[Items from a data source]

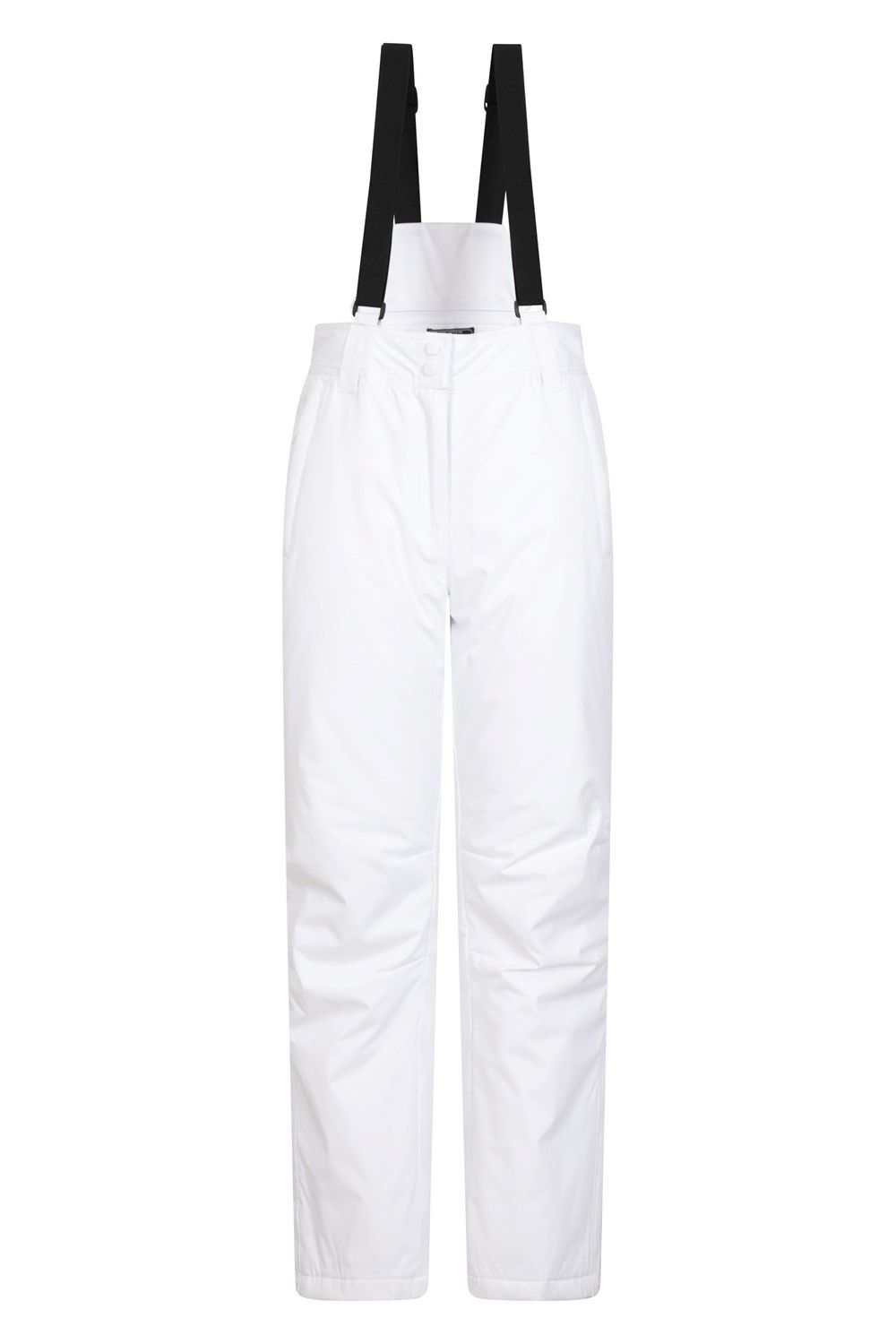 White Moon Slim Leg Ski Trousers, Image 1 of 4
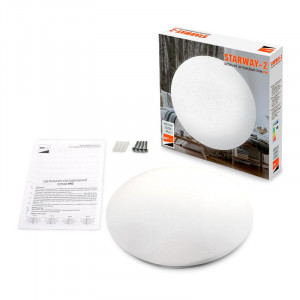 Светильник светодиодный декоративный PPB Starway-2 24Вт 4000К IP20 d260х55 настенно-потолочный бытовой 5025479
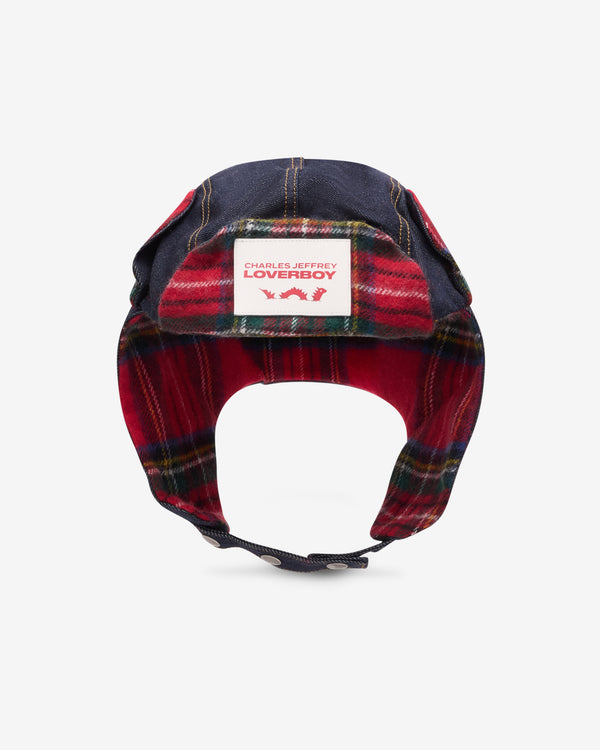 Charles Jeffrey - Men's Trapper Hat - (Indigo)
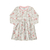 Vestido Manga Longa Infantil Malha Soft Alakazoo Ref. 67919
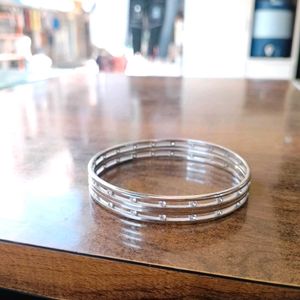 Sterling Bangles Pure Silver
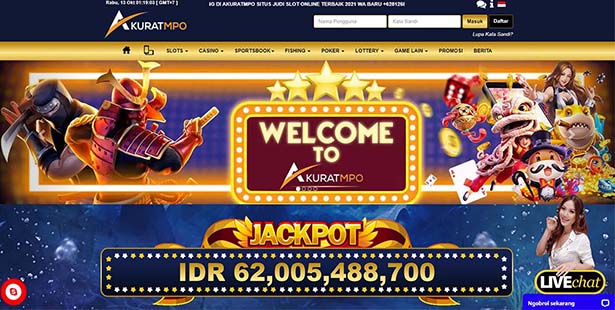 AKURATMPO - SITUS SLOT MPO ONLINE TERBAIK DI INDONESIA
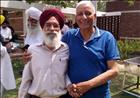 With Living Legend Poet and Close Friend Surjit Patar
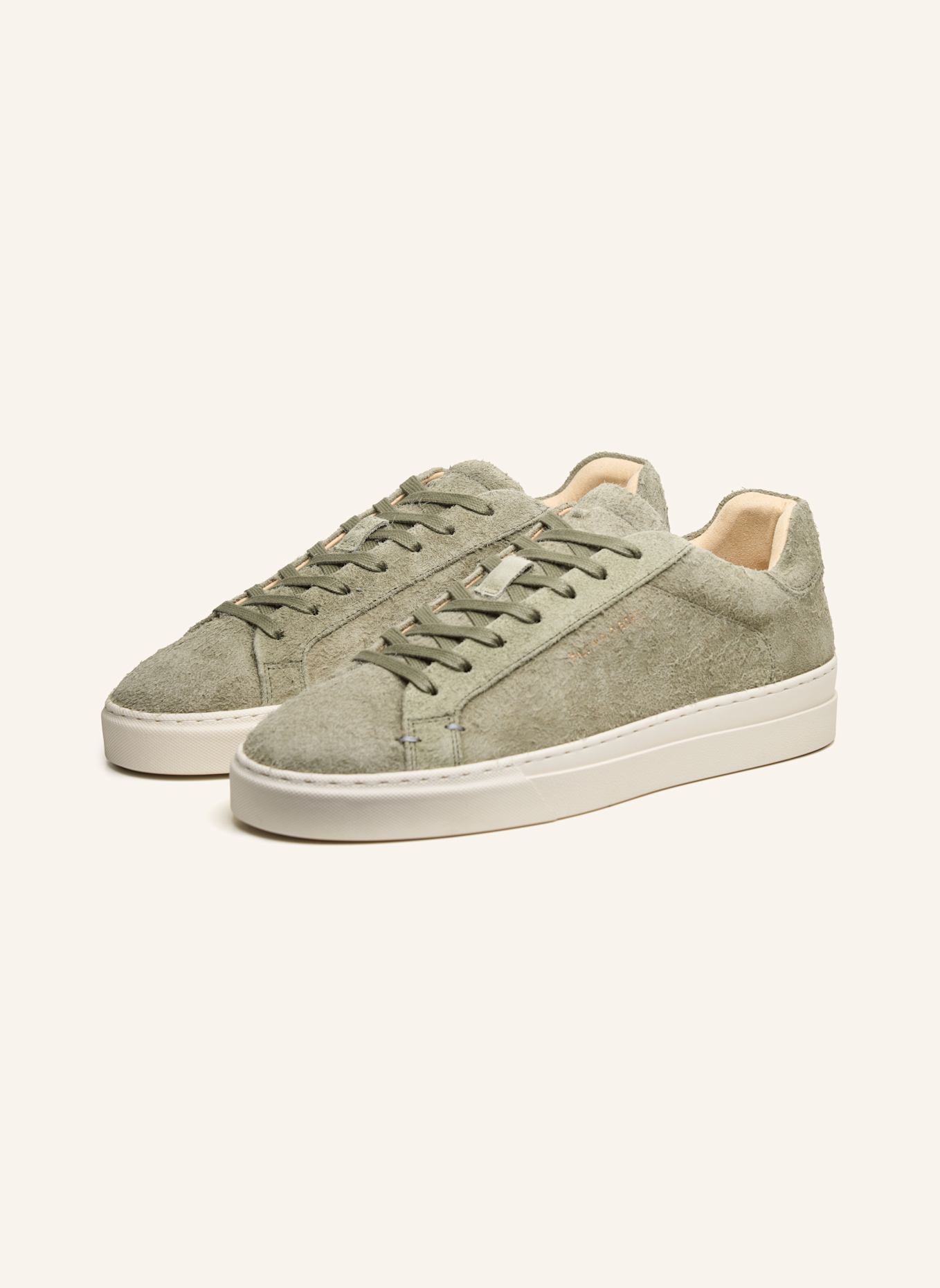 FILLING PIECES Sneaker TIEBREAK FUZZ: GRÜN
==
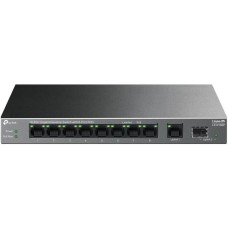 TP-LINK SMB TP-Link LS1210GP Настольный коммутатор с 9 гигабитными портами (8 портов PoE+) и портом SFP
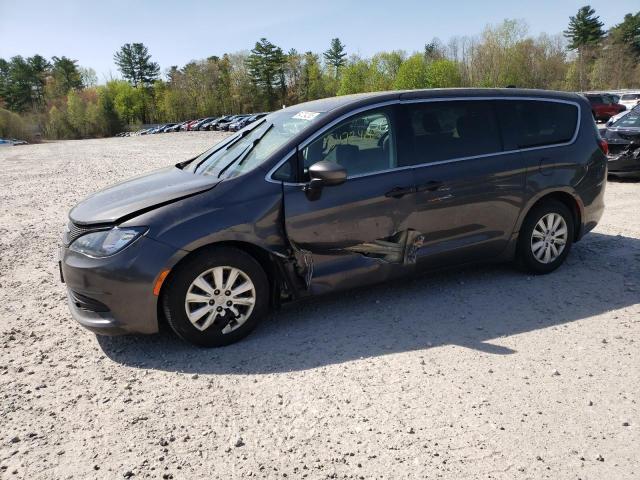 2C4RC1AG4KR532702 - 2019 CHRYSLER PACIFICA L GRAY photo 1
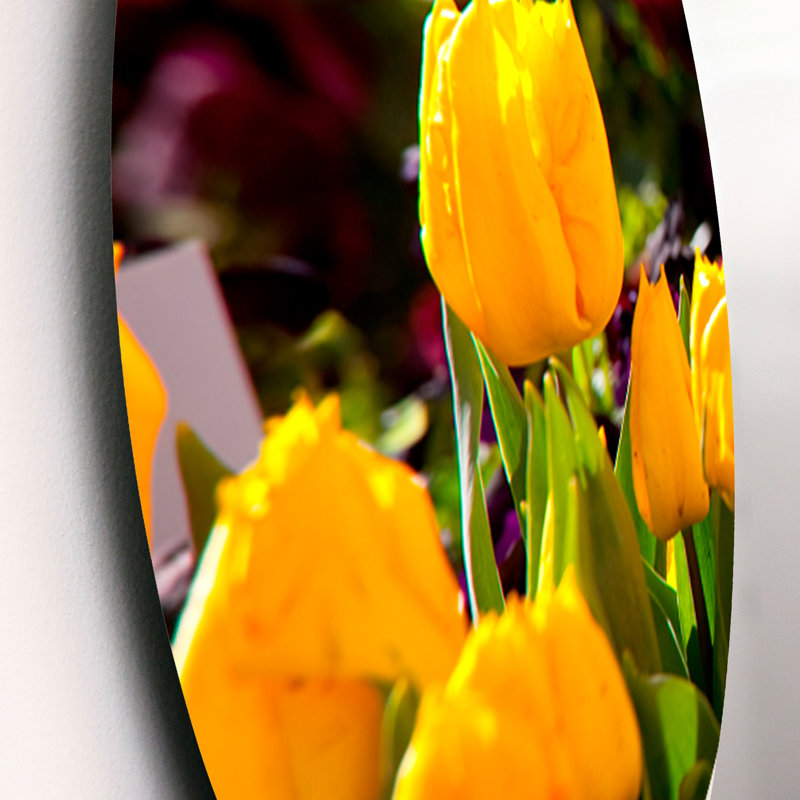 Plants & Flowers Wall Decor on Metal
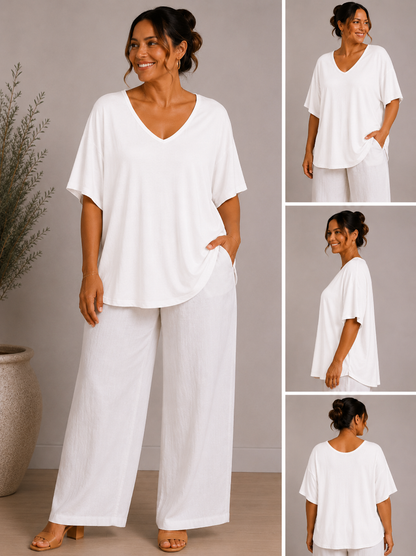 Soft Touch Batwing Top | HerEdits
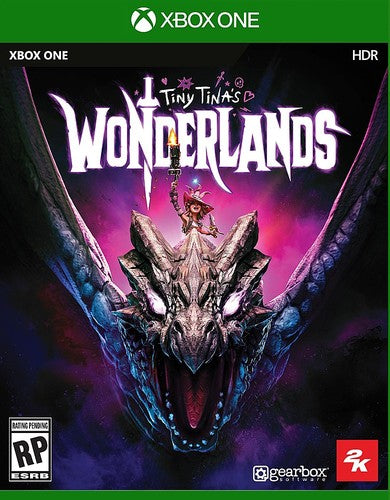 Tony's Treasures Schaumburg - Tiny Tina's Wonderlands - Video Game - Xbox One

*Problem details*: Starting at the line above that holds "Charles Jeffrey - Men's", repeat every line exactly down to and including the line that holds "FILLING PIECES Sneaker TIEBREAK FUZZ: GRÜN", then stop. Do not carry over any pictures.

*Task solution*:
 Charles Jeffrey - Men's Trapper Hat - (Indigo)
 Vestido Manga Longa Infantil Malha Soft Alakazoo Ref. 67919
 Sterling Bangles Pure Silver
 AKURATMPO - SITUS SLOT MPO ONLINE TERBAIK DI INDONESIA
 With Living Legend Poet and Close Friend Surjit Patar
 FILLING PIECES Sneaker TIEBREAK FUZZ: GRÜN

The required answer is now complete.